Same song, hundredth verse
, Tyler thought,
a needy woman grasping for an apathetic man like a drunk caressing an empty bottle
. Tyler saw what Naomi refused to accept. Davey didn’t love his partner the way she hoped for or deserved. He merely enjoyed their living arrangement and the on-demand sex afforded by a girl sleeping twelve inches away. But Naomi had invested too much of herself in the relationship to let him go.
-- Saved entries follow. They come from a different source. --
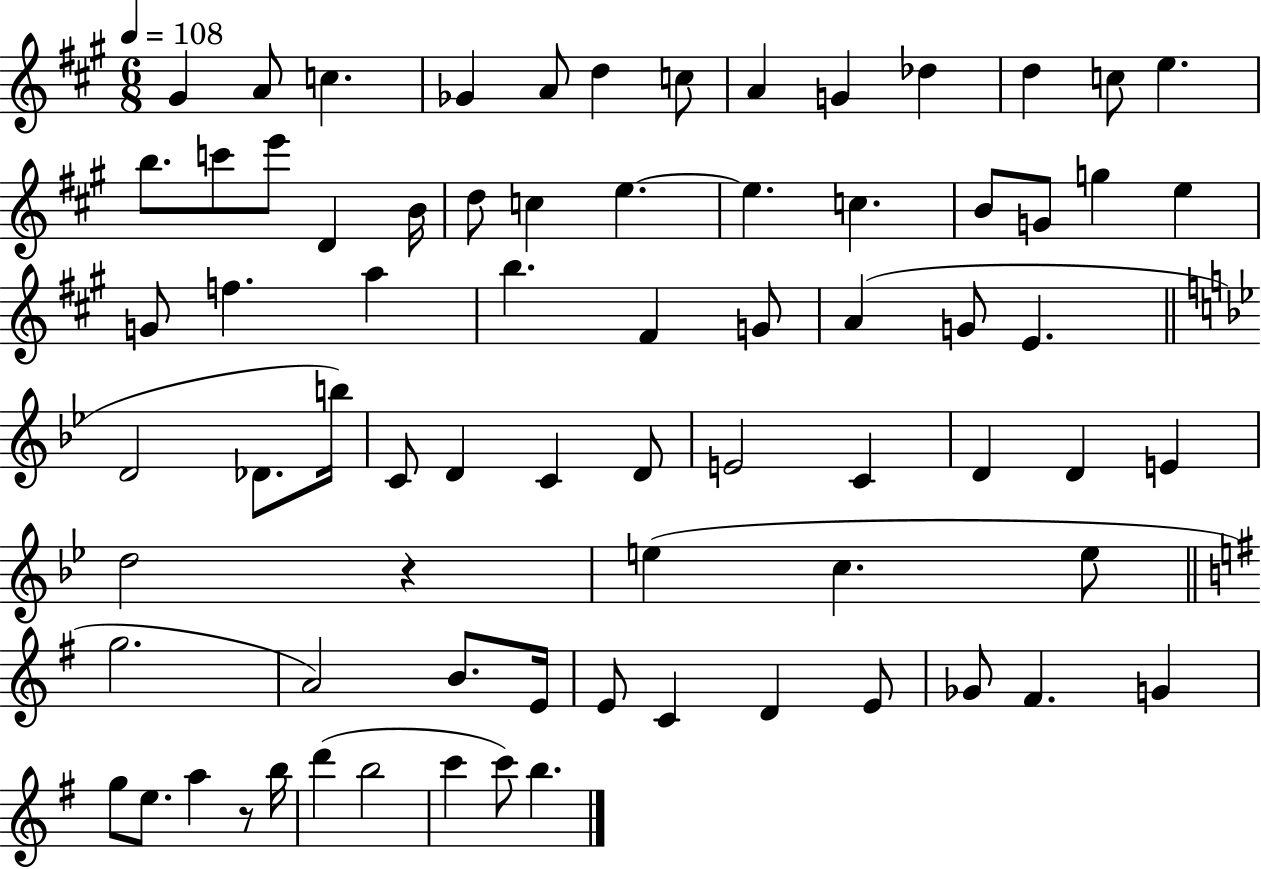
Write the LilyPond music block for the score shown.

{
  \clef treble
  \numericTimeSignature
  \time 6/8
  \key a \major
  \tempo 4 = 108
  gis'4 a'8 c''4. | ges'4 a'8 d''4 c''8 | a'4 g'4 des''4 | d''4 c''8 e''4. | \break b''8. c'''8 e'''8 d'4 b'16 | d''8 c''4 e''4.~~ | e''4. c''4. | b'8 g'8 g''4 e''4 | \break g'8 f''4. a''4 | b''4. fis'4 g'8 | a'4( g'8 e'4. | \bar "||" \break \key g \minor d'2 des'8. b''16) | c'8 d'4 c'4 d'8 | e'2 c'4 | d'4 d'4 e'4 | \break d''2 r4 | e''4( c''4. e''8 | \bar "||" \break \key g \major g''2. | a'2) b'8. e'16 | e'8 c'4 d'4 e'8 | ges'8 fis'4. g'4 | \break g''8 e''8. a''4 r8 b''16 | d'''4( b''2 | c'''4 c'''8) b''4. | \bar "|."
}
Better to keep a small part of Davey than lose all of herself.

“Anyway,” the message continued, “I paid your invoice and I thank you for your hard work. I suppose it’s possible that Davey made a mistake, possibly even slept with someone once. But I still think we have something special and I’m choosing to hope for the best. I don’t know what I’d do without him. You’re a very nice man, Mr. Cain. Your girlfriend is a lucky gal.”

The comment reminded Tyler that he hadn’t yet made dinner plans to celebrate his girlfriend’s good fortune. She insisted they do something special every August seventeenth, the day they had met, in lieu of a nonexistent wedding anniversary.

Three years with one woman
, he marveled.

Two more than I intended
, he thought with a sigh.

This relationship, like his prior three, should have ended after a sensible nine or ten months, when infatuation wanes and daily habits annoy. Both happened with Renee after fifteen months, about the same time he found himself short on capital and scrambling for clients.

“I’ll cosign,” she had offered supportively when Tyler confessed his inadequate credit. Renee would have done anything for her man. Still would. So the relationship expanded from that of while-love-lasts lovers into that of until-the-loan-gets-paid business partners.

What made him most nervous was Renee’s recent comment about her biological clock. As if afraid of a ticking bomb, the thought made him want to get away. Despite cutting corners and pinching pennies, however, he had only managed to pay down the outstanding balance on their joint loan by a few thousand dollars. It would be two more bottom-feeding years before he could retire the loan, before he’d feel right easing out of the relationship.

After tapping the
DELETE MESSAGE
icon Tyler typed and sent a brief note.

Hi Naomi:

I just got your message and wanted to wish you well. Thanks for sending payment. While I hope it won’t be necessary, I am available if you or any of your friends find yourself in need of investigative services in future days.

Warm regards,
Tyler Cain, PI
P.S. Davey is lucky to have you.

Tyler felt a sudden urge to stretch his legs. He hesitated, concerned the distraction could cause him to miss the woman’s exit. Checking the time, he noticed twenty minutes had passed. He had always called arranged hookups the illicit counterpart of drive-through fast food. Transaction and consumption occur quickly. But he figured the two would spend time getting acquainted before going through the motions of awkward foreplay, hesitant passion, and the rest. Perhaps another fifteen or twenty minutes. Tyler decided to take a chance. He exited the car to cool in the shade of a nearby tree.

That’s when he received a call from Greg Smith, the one man able to rescue Tyler from self-imposed exile.